§ Your task
Please keep the images out and set down the data exactly as given.
[Input]
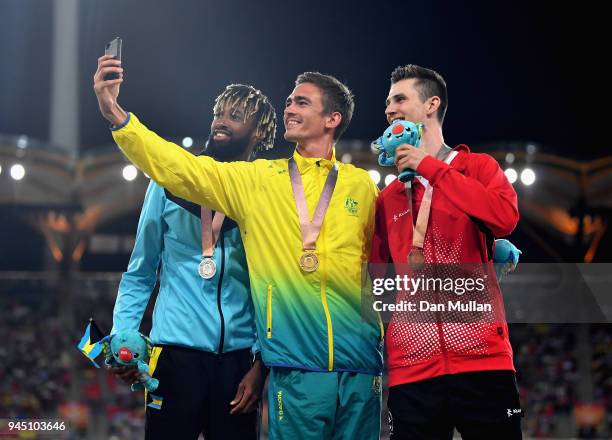 Silver medalist Jamal Wilson of the Bahamas, gold medalist Brandon Starc of Australia and bronze medallist Django Lovett of Canada pose for a selfie...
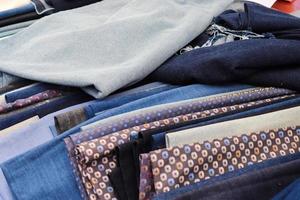 Detailed close up view on samples of cloth and fabrics in different colors found at a fabrics market photo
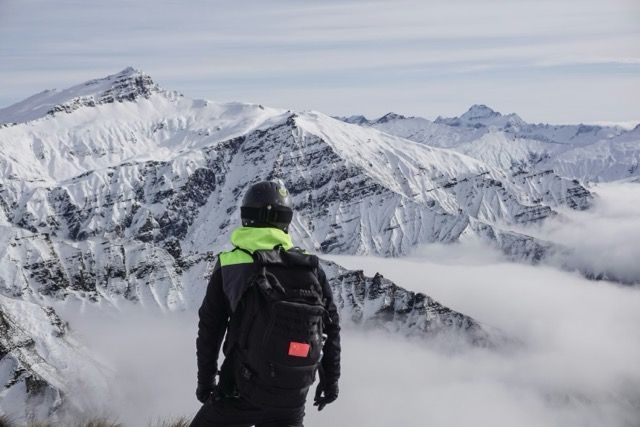 Una persona con uno zaino e un casco in cima a una montagna che ammira le cime innevate sopra un mare di nuvole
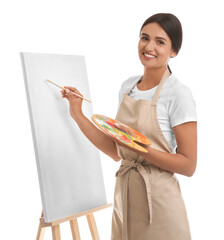 Canvas Print - Young woman drawing on easel against white background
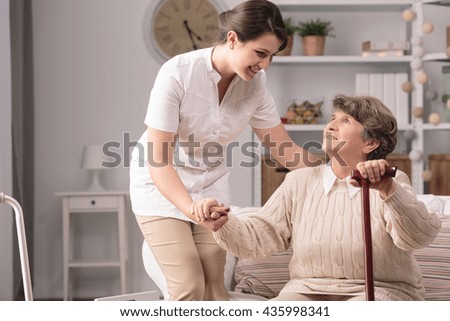 Young carer supporting senior disabled woman with walking stick.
[/Input]
§ Solution to this exercise
 Silver medalist Jamal Wilson of the Bahamas, gold medalist Brandon Starc of Australia and bronze medallist Django Lovett of Canada pose for a selfie...
 Detailed close up view on samples of cloth and fabrics in different colors found at a fabrics market photo
 Una persona con uno zaino e un casco in cima a una montagna che ammira le cime innevate sopra un mare di nuvole
 Canvas Print - Young woman drawing on easel against white background
 Young carer supporting senior disabled woman with walking stick.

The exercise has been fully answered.